About a year ago, I happened upon this statement about the Monitor in the Harvard Business Review – under the charming heading of “do things that don’t interest you”:

“Many things that end up” being meaningful, writes social scientist Joseph Grenny, “have come from conference workshops, articles, or online videos that began as a chore and ended with an insight. My work in Kenya, for example, was heavily influenced by a Christian Science Monitor article I had forced myself to read 10 years earlier. Sometimes, we call things ‘boring’ simply because they lie outside the box we are currently in.”

If you were to come up with a punchline to a joke about the Monitor, that would probably be it. We’re seen as being global, fair, insightful, and perhaps a bit too earnest. We’re the bran muffin of journalism.

But you know what? We change lives. And I’m going to argue that we change lives precisely because we force open that too-small box that most human beings think they live in.

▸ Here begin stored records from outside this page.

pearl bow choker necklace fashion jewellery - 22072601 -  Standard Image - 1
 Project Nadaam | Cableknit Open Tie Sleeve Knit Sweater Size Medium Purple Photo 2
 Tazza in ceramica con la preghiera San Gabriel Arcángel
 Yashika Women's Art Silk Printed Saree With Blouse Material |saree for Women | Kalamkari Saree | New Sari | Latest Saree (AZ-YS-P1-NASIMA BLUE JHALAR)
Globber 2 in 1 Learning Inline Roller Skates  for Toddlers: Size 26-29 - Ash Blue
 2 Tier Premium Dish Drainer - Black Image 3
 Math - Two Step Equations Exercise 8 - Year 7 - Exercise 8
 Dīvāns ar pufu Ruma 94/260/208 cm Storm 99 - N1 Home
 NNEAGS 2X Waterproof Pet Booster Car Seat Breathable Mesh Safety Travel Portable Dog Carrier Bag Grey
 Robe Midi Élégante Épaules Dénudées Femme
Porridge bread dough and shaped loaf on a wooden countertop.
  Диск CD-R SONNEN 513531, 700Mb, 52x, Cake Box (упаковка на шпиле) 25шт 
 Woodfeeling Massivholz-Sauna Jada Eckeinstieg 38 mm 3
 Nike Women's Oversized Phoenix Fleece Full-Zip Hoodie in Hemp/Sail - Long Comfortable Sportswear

The Monitor is a peculiar little publication that’s hard for the world to figure out. We’re run by a church, but we’re not only for church members and we’re not about converting people. We’re known as being fair even as the world becomes as polarized as at any time since the newspaper’s founding in 1908.

We have a mission beyond circulation, we want to bridge divides. We’re about kicking down the door of thought everywhere and saying, “You are bigger and more capable than you realize. And we can prove it.”